El horizonte es el paisaje que anida en las pupilas de estos rutinarios
viajeros de encuentros semanales y charlas existenciales, que en el fondo
comprenden que la vida sólo es ruido y furia, que en su mejor momento es
nostalgia (“¿te acordás, papá cuando…?”) y en su peor momento, un desamparo (“vos
no me querés… preferís estar corrigiendo eso…”). Y sin embargo, hay cosas que
nos salvan: ese horizonte, que se ofrece generoso siempre ahí tan cerca de tan
lejos, y las charlas que con Matu construimos huyendo o tratando de entender
los inevitables de nuestras existencias.
Cuando comprendí todo lo que aprendía de estas charlas incluso antes de
que ella hablara comencé una serie de textos fragmentados, caprichosos,
destinados a dejar registro de la maravillosa filosofía que habita en almas que
aún no están completamente socializadas. De este registro, algunas, solo
algunas fui publicando en el blog para ver si había corazones destinados a
entenderlas…y lo único que tengo claro es el momento final de producción: el
primer día de primer grado (hoy estoy más seguro que nunca).
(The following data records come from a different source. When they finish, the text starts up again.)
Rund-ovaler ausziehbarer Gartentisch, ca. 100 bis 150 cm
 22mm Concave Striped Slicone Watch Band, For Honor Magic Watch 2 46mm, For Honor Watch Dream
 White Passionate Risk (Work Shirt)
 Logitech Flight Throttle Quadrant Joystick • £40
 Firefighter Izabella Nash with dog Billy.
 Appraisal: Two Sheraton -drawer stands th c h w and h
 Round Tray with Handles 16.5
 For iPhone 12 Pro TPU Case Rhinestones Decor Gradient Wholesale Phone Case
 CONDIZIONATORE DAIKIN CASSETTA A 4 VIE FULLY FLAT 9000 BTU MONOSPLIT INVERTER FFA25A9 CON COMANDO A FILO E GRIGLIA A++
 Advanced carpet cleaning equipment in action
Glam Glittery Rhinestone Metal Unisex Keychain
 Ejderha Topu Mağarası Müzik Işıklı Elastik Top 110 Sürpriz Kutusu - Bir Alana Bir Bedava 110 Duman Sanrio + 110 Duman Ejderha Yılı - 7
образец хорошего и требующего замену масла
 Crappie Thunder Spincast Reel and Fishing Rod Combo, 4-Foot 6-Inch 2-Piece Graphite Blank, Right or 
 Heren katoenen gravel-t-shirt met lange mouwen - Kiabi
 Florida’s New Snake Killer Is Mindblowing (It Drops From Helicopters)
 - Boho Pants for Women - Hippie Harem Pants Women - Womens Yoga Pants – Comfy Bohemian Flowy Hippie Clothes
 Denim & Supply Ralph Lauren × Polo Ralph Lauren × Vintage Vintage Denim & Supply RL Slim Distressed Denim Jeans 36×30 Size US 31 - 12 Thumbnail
Comencé las “Crónicas de Matulandia” a finales de 2013, cuando empecé a
comprender todo lo que aprendía o recordaba con ese extraño ser que llamo, por
cuestiones de jerarquía social, hija y terminaré de escribir a principios de
2019.
¿Y a qué viene toda esta aclaración que a nadie le interesa?
En que quizás la escena de hoy es el anticipo de un final que se prevé tan
cerca y tan lejos en este horizonte de colores.
—Papá,
¿me compraste huevito?— pregunta respecto a los regulares
huevitos kinder con los que, cual perro
de Pavlov, negocio su comportamiento.
—Si amor, pero primero tenemos que ver
cómo te vas a portar.
—Yo me porto bien.
—Tu mamá no dijo lo mismo recién
cuando te busqué.
—Miente.
—No creo; está mal mentir.
—A veces está bien.
Al
escuchar su comentario y casi sin darme cuenta, aminoré la velocidad del auto; como
si al aminorar la velocidad del desplazamiento en el espacio pudiera
desacelerar la velocidad del tiempo.
—¿Cómo que está bien?
—Porque cuando mentís hacés que los
otros hagan lo que vos querés.
Me
sorprende escuchar una verdad tan horrible en una niña que aún no cumplió los seis
años y repregunto.
—¿Cómo es eso?
—Estaba
con B…— B… es su
primo. —y no se
quería bañar y mami le dijo que yo me iba a bañar, entonces él se fue a bañar
pero era mentira porque yo no me bañé.
—No
deberán haberle mentido.
—Pero
hicimos que se bañara, entonces está bien.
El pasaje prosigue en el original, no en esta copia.